Documenting and Organizing Data

Documentation

Having good documentation doesn't necessarily mean writing a book about your data. A good basic documentation setup can be as simple as:

  • Set up a sensible folder structure with one data collection per folder, and descriptive folder names
  • Use intelligible file names
  • Have a readme file for each folder (or in some cases, each data file)

Make sure you note down every part of how you collect your data as you are doing it: dates, decisions made, choices to include or exclude. This information goes in your readme file. A readme file is a text file that explains what you need to know before opening any of the files in the folder, and is usually called something like "ReadMe.txt".

Agree with your research partners on a file naming convention. The pattern Descriptive_name-person_who_modified-change_made-date.xlsx often works. (You can leave out the name of the person wwho modified the file if you are the only person working with your data.)

  • Bad: FinalData.xlsx, ThisIsReallyTheFinalVersion.xlsx, FinalFinalDataFIXED.xlsx
  • Better:CodedTweets-Kristi-random_subsample-Feb3_16.xlsx

This is especially helpful if you follow the practice of saving your file under a new name every time you make a major change.

Readme Files

A readme file for a folder containing a data collection will typically include:

  • Descriptive title for the data collection
  • Principal investigator (or person responsible for collecting the data), contact person for questions (if data is shared)
  • Date of data collection or date data first accessed / acquired
  • Information about geographic location of data collection, if relevant
  • For each file in the data collection
    • Short description of what data it contains
    • Methods of data collection or, if secondary data, how it was acquired
    • Description of any changes made since collection or acquisition (note that you should also retain an unmodified copy of your original data!)
    • Missing data codes

(Adapted from Cornell University,Guide to readme style metadata.)
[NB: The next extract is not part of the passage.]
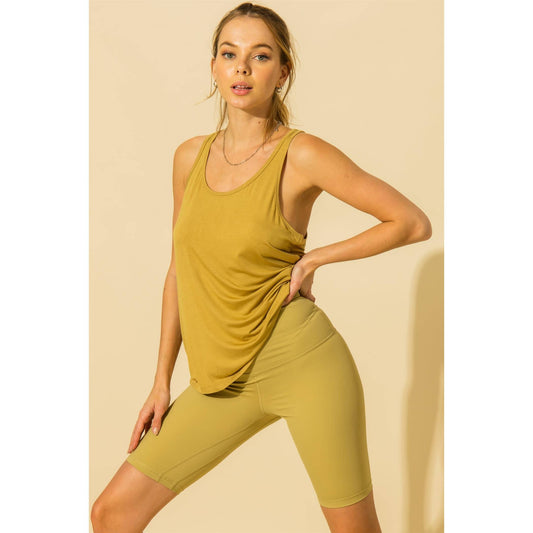 RACERBACK TANK TOP ~ Golden Lime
Ideally, you should have sufficient documentation on your data that a random stranger who is knowledgeable in your field would be able to:

  • Follow and understand the steps you took to collect your data in the first place and the decisions you made along the way
  • Take your original data file and reproduce the changes you made to it to get your data into its final form
  • Reproduce any tables or charts that support your research conclusions

This is what is meant by reproducible research.